■ **Aim of the exercise**
Look through the entries below and copy exactly the part that begins with the line containing "François Hollande, lors" and ends with the line containing "Maweii Plus Size". Do not copy the pictures.
*** Opening Records provided ***
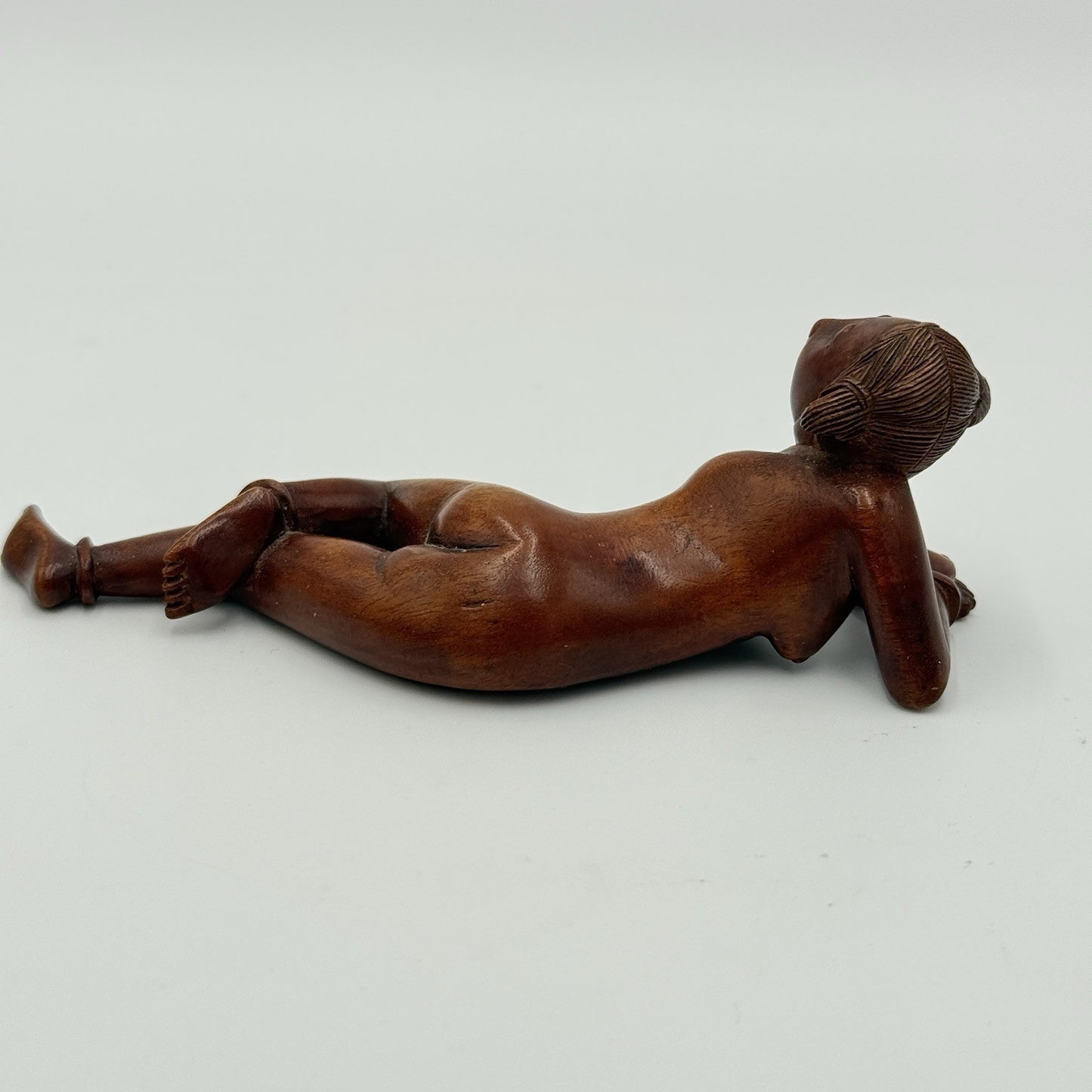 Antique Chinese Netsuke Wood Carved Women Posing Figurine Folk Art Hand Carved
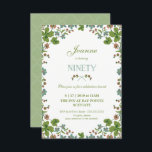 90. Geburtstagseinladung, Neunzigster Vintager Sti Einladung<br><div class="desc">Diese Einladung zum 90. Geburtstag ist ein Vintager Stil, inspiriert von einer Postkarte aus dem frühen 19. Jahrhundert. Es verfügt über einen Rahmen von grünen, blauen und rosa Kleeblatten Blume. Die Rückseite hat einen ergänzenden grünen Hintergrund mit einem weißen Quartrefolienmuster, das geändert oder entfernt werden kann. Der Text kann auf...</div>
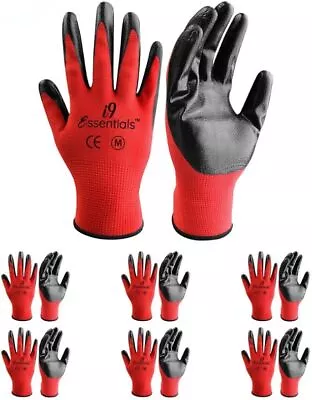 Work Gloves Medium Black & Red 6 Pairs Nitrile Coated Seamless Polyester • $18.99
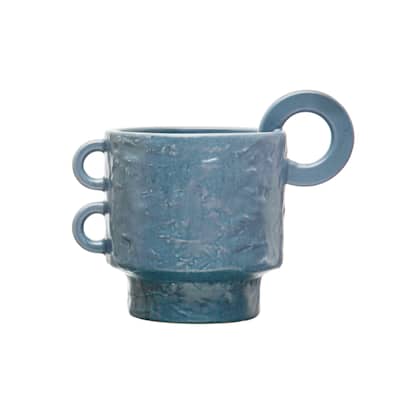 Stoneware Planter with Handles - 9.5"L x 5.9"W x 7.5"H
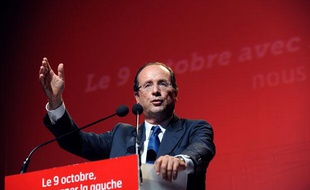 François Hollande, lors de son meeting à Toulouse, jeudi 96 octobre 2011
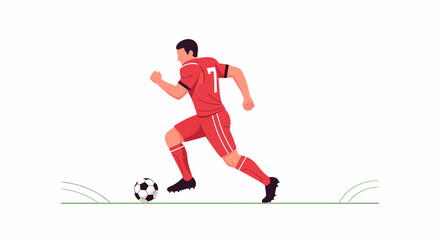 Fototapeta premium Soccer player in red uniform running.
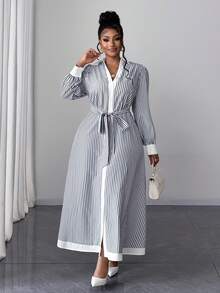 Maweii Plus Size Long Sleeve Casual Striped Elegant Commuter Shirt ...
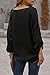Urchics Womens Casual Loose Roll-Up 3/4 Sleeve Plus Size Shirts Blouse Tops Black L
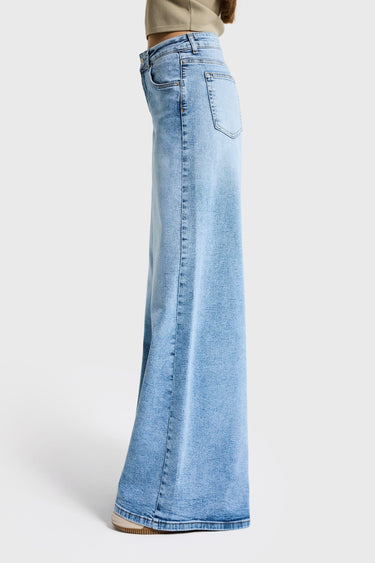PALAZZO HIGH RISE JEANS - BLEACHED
*** Closing Records provided ***
*** Opening Records provided ***
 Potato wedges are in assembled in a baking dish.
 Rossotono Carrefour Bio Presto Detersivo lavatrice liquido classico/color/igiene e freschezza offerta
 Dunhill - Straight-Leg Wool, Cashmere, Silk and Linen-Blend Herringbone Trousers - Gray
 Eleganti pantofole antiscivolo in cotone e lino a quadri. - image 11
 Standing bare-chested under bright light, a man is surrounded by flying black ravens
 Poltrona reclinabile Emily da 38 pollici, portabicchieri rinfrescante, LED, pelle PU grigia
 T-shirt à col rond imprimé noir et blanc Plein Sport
*** Closing Records provided ***
*** Opening Records provided ***
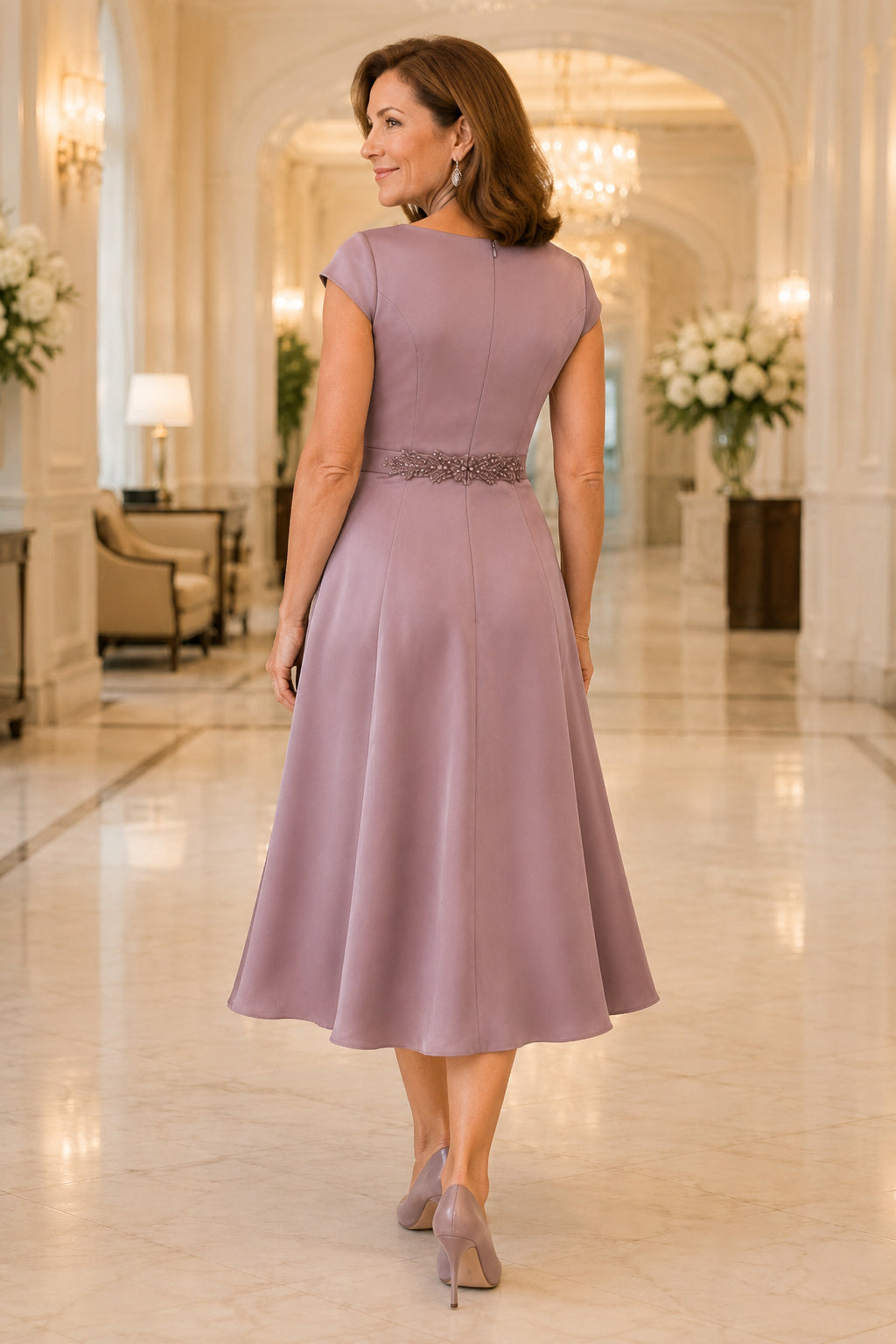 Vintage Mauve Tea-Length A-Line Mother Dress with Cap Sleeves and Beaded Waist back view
*** Closing Records provided ***
■ **Result**
 François Hollande, lors de son meeting à Toulouse, jeudi 96 octobre 2011
 Fototapeta premium Soccer player in red uniform running.
 Maweii Plus Size Long Sleeve Casual Striped Elegant Commuter Shirt ...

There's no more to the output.